Première station communale de la RTS dite "point de présence", implantée à Mbacké en mars 2003 à la veille du Magal de Touba , Touba FM a été délocalisée à Touba en février 2004.

Fréquences

Station communale : 99.2 FM

Chaîne Nationale : 97.6 FM

Emissions
Horaires : 5h - 1h du matin

Thème
Pour l’essentiel les programmes sont adaptés aux réalités de Touba avec 80% des émissions réalisées en Wolof, et 20% en langues Sérère, Pulaar et Français. 

Informations
Synchro avec Dakar
Toutes les éditions en Français et Wolof

Synchro avec Diourbel-FM (chaîne régionale)
Une édition régionale en Français, et une édition régionale en wolof

Editions locales
Une édition en Wolof à 11h, et une édition en Français à 16h

Ressources
Ibrahima Nar FALL, Chef de la Radio Communale, est à la tête est à la tête d'une équipe de 5 agents et de 24 producteurs extérieurs, tous originaires du département de Mbacké. Touba FM dispose d'un studio de diffusion et d'un émetteur de 2kW.

La région
Ville phare de la région de Diourbel (la "Capitale du Baol"), la ville sainte de Touba est fondée en 1887 Cheickh Ahmadou Bamba Mbacké fonde la ville de Touba. Dans son ouvrage "Matlaboul Fawzaini" (La quête du bonheur des deux mondes) consacré à la cité, Cheickh Ahmadou Bamba Mbacké demande que Dieu accorde aux habitants de Touba la felicité ici bas et dans l'au-delà. C'est cette dynamique axée sur une dialectique entre le spirituel et le temporel qui va structurer l'évolution de Touba.

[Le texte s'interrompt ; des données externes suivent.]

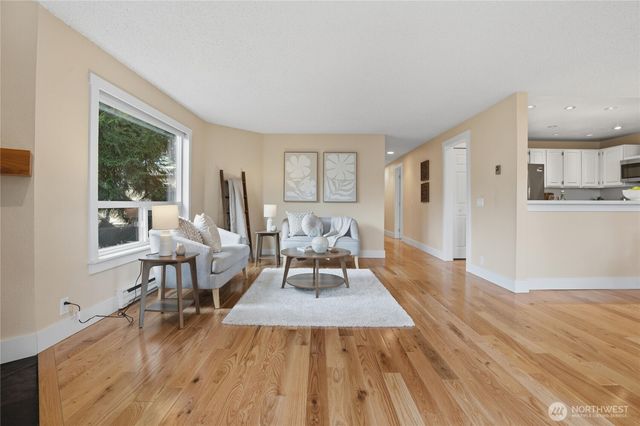790 Madison Avenue N, Bainbridge Island, WA 98110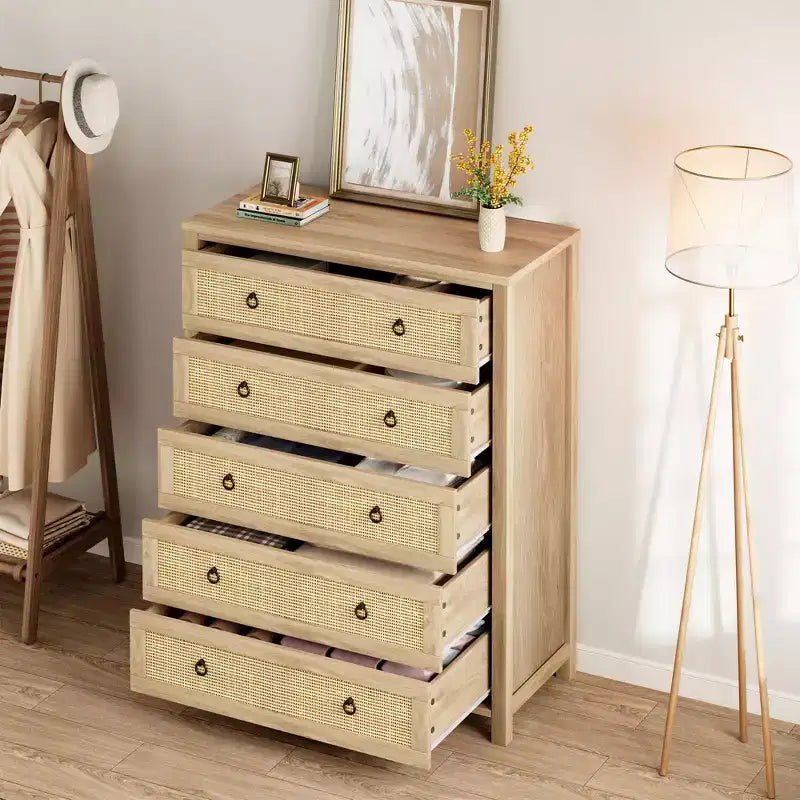 Cassettiera in Rattan per Camera da Letto con 5 Cassetti, Comò Alto 45'' con Grandi Cassetti e Ampio Armadietto per Vestiti, Cassettiera in Legno per Camera da Letto, Porta TV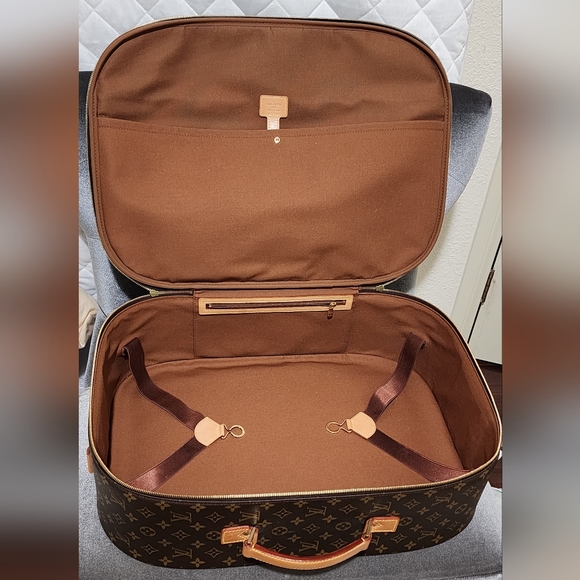 Louis Vuitton Pack All GM - Picture 12 of 16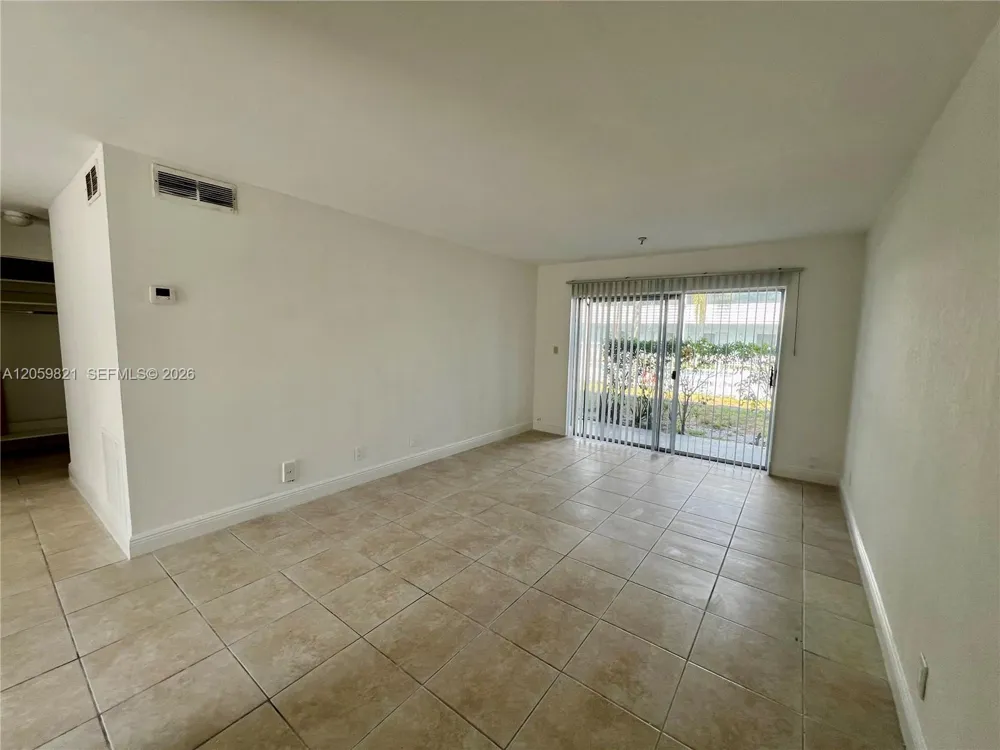 4251 NW 5th St #123 Plantation, FL 33317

Le Fondateur du Mouridisme veillera à ce que Touba présente toutes les caractéristiques d'une cité musulmane, en traçant lui-même les grands axes de l'organisation de l'espace. Touba a un plan radiocentrique : la mosquée et sa place en constituent le centre et la ville, la région et même le pays convergent. A côté de la mosquée, à l'Est, se trouvent la bibliothèque et les cimetières où reposent les saints marabouts.
A la fin des années 70, Touba connaît une évolution démographique majeure qui va complètement bouleverser son mode de vie et de fonctionnement. Elle passe d'une situation de ville de pèlerinage et de retraite pieuse, à celle d'une métropole économique de 250 000 personnes dans les années 90, avec plus de 50%, évoluant dans le secteur tertiaire, le commerce.